# Worming an unwilling horse



## Hrt4Dressage (May 24, 2008)

Be sneaky... maybe groom her for a while with the wormer in your pocket, come up her side, pet her, snuggle, offer a small treat, and when she least expects it... shove it down her throat.

they also make wormers that can be added to feed in a pellet form, which makes it WAY easier.

Strongid makes a daily wormer, but you can also get wormers that are a 3 or 5 day dose and they come in pellet or powder form and get mixed in with the feed. probably your best bet.... 

Safeguard Equi-Bits is a one time pellet dose and it is apple flavored I believe, specifically designed for horses who are not too keen on paste wormers. I think it;s pretty cheap... $6 or $7 for a bag (one dose)?


----------



## NorthernMama (Mar 12, 2008)

Is it that she doesn't like the syringe in her mouth? It sure must be an odd feeling for them all right.

There is pelleted wormer available as well that you put in their food regularly (daily or weekly I think). Or use the paste wormer, but mix it with molasses or sweet feed. Add some ACV if you like to mask the smell. Or, inject it into a plain donut or core an apple and put it in there. Or spread it between two pieces of rye bread. Be inventive -- find her best treat and sneak it in!

I agree with avoiding the "wormer-bridle" sounds like a bad idea to me.


----------



## sempre_cantando (May 9, 2008)

Give her nice things in a syringe i.e. apple sauce, molasses. Do this everyday until she actually looks forward to being syringed. Then one day you can worm her as she'll be expecting something nice. This way, she'll expect the syringe to have nice things and be happy to have it in her mouth.

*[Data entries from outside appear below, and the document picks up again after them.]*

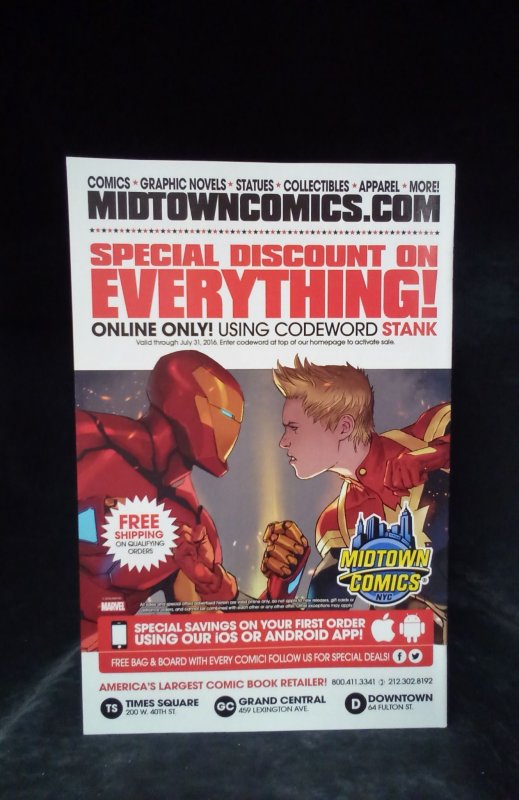 Moon Knight #4 (2016)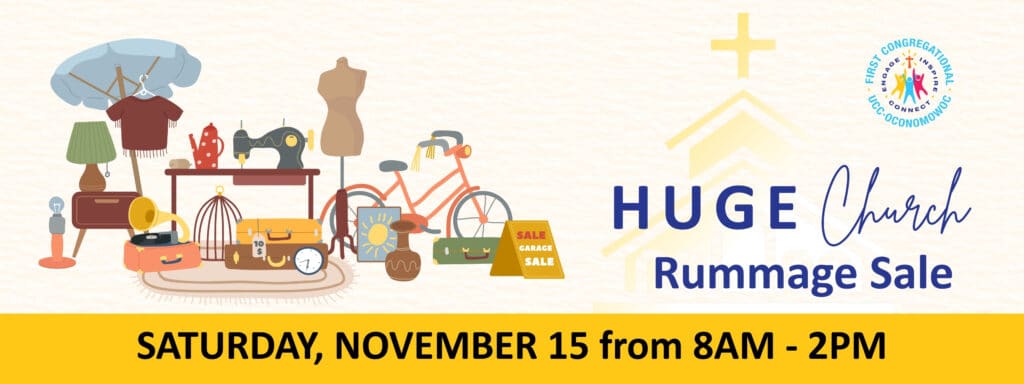 Oconomowoc Church Rummage Sale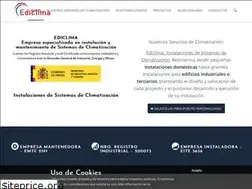Sites similar to ediclima.es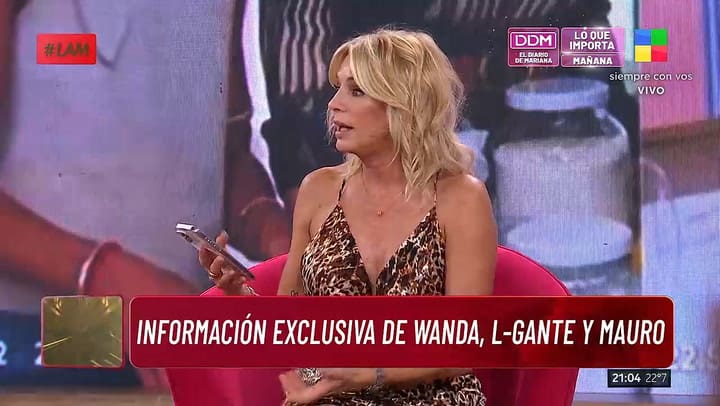 Wanda Nara revelo toda la verdad sobre como empezo su romance con L-Gante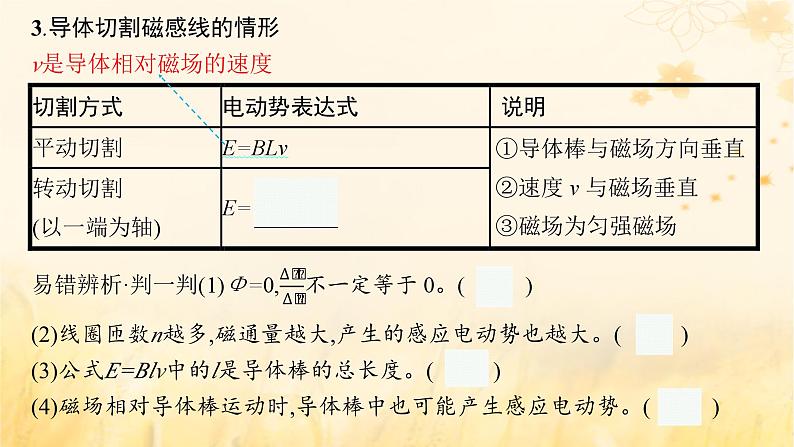 适用于新教材2024版高考物理一轮总复习第11章电磁感应第2讲法拉第电磁感应定律及其应用课件第6页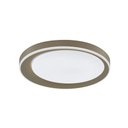Ver imagem 2 de Plafon Led Blumenau Astro Redondo De Sobrepor 24W Bivolt Dourado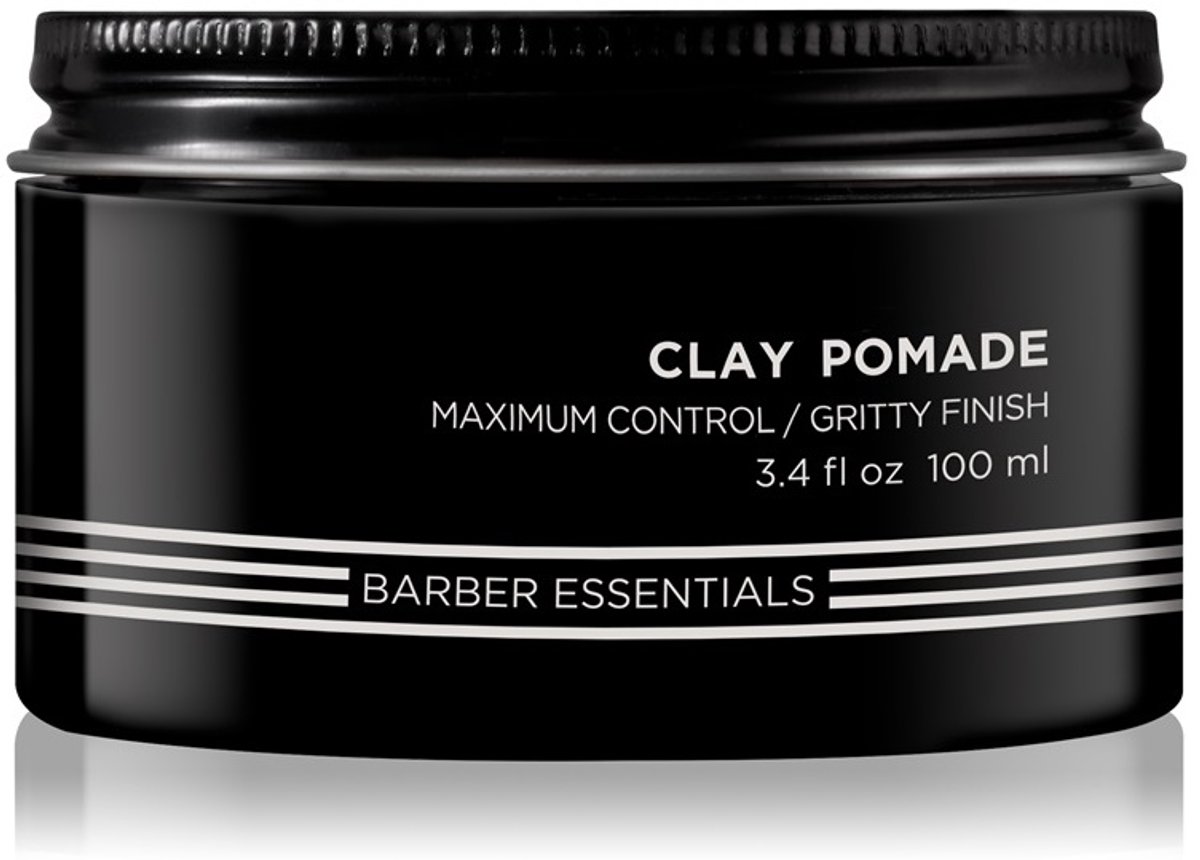 Redken Brews Tonerde Pomade (Maximale Kontrolle / Grobes Finish) 100ml/3.4oz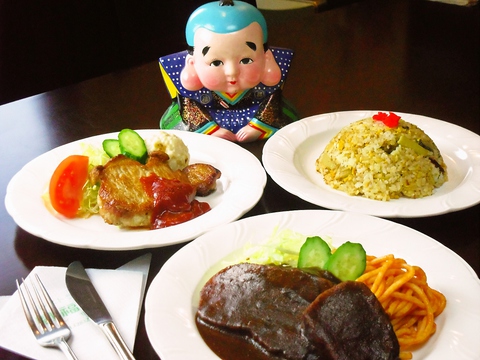 創業100年！昔ながらの懐かしい洋食店。ホッとする雰囲気とこだわりの洋食が自慢。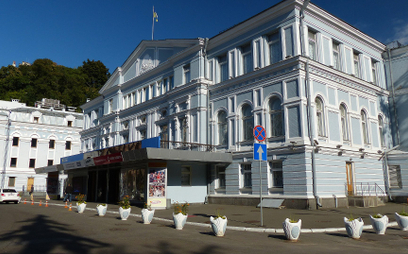 Narodowy Akademicki Teatr w Kijowie (zdęcie z 2014 r.)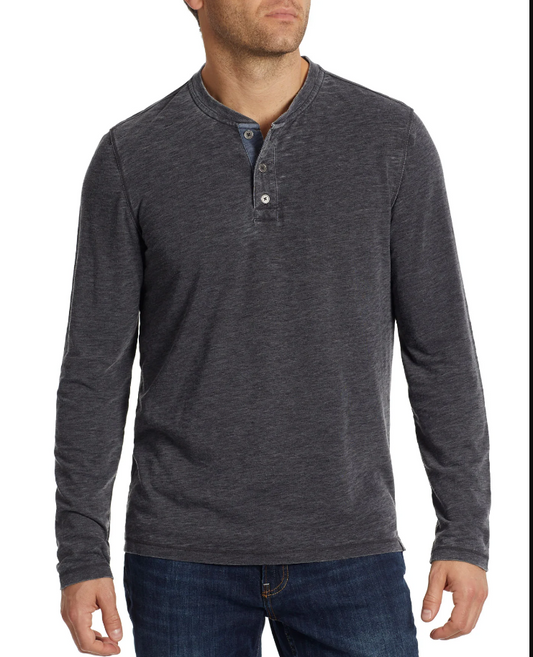 CHATHAM VINTAGE SOFT HENLEY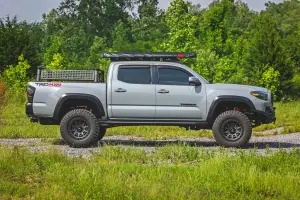 Rough Country - 14012 | Rough Country OV2 Running Boards Side Step Bars For Toyota Tacoma | Crew Cab - Image 8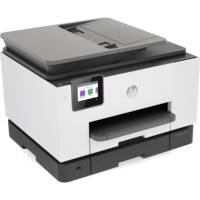 Printer All-In-One Dupleks Wi-Fi Format Lebar OfficeJet 7740 dengan ADF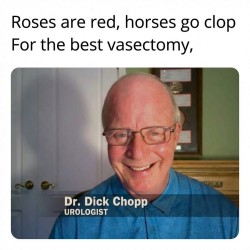 Dr. Dick Chopp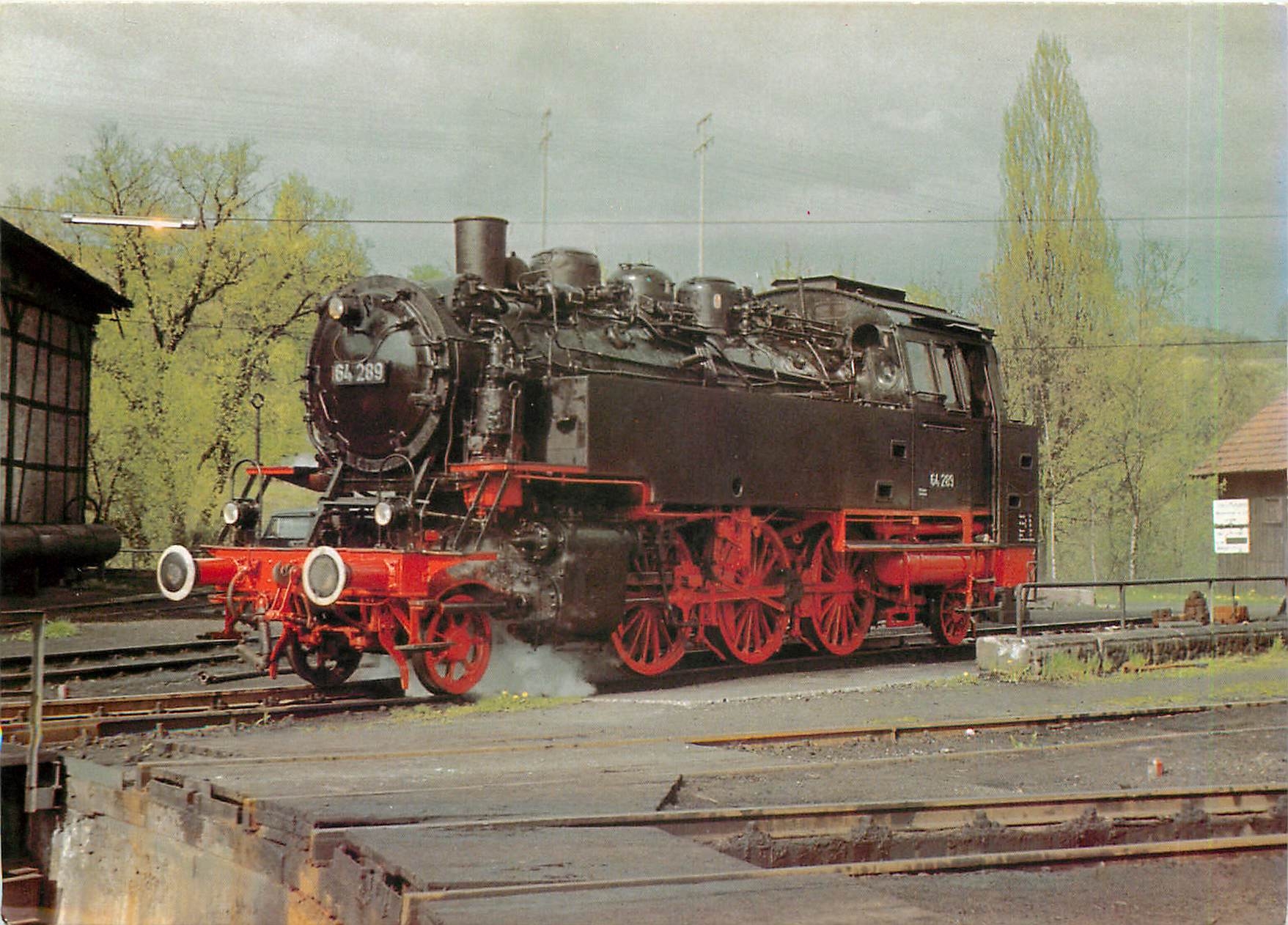 CPM Locomotive DB 064 289 2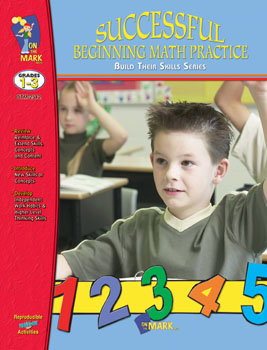 On The Mark Press OTM2512 Successful Math Practice Gr. 1-3 On The Mark Press OTM2512 Successful Math Practice Gr. 1-3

Alternatively or if she's really bad, just touch her mouth or lips with the syringe and then reward her for letting you. I did this with my standardbred mare with great sucess! She now ****** up her ears and walks towards me when she sees me holding a syringe. Next time I need to worm her, I'm going to syringe worm her -wish me luck! The day after I've wormed her, I'm going to start giving her syringes of nice things again. 

PS make sure she actually likes apple sauce/molasses before you start syringing it into her! Otherwise, just give her water and reward her with a carrot for letting you syringe her.

EDIT: isn't it nice that as you run your mouse over the word 'apple' it gives you a definition? Just in case anyone using this forum didn't know what an apple was :lol:


----------



## ohmyitschelle (Aug 23, 2008)

Ah, you suffer from the same problem as me... my mare doesn't like the syringe. I've tried the bridle wormer too, released here in NZ by Mark Todd, but that was useless. 
I normally cheat by putting it in her feed... but lately I've made a point to get it in. The way I do it? Someone said it earlier... do it out of the blue. Or if you have another person with you, occupy her. Get the person to grab a bit of her neck (it sounds worse than it is) and cover an eye. She's so busy figuring out why the visions gone from one eye and there's a pressure on her neck, that she can't concentrate on playing up.

My wee mare is a horrible thing when it comes to worming... She gets nasty, shoving you up against a fence (if she can anyway), rears, tries to rip the lead out of your hand, etc. She's a reasonably mannered horse, and you can easily put your thumb in her mouth etc as long as you have no syringe in your hand. I ALWAYS have a helper though if I attempt the syringe route. And generally make my friend hold it behind their back, whilst I pat her and stick my thumb in to grab a hold of her mouth. If she gets one over us, I do the occupying trick. 

Good luck! But if you don't want the hassle, seriously look into putting it in her feed!
x


----------



## iridehorses (Oct 22, 2007)

sempre_cantando said:


> EDIT: isn't it nice that as you run your mouse over the word 'apple' it gives you a definition? Just in case anyone using this forum didn't know what an apple was :lol:


LOL!

I agree with your training method. I also find that the apple flavored wormers are more palatable for my horses and they accept it more readily.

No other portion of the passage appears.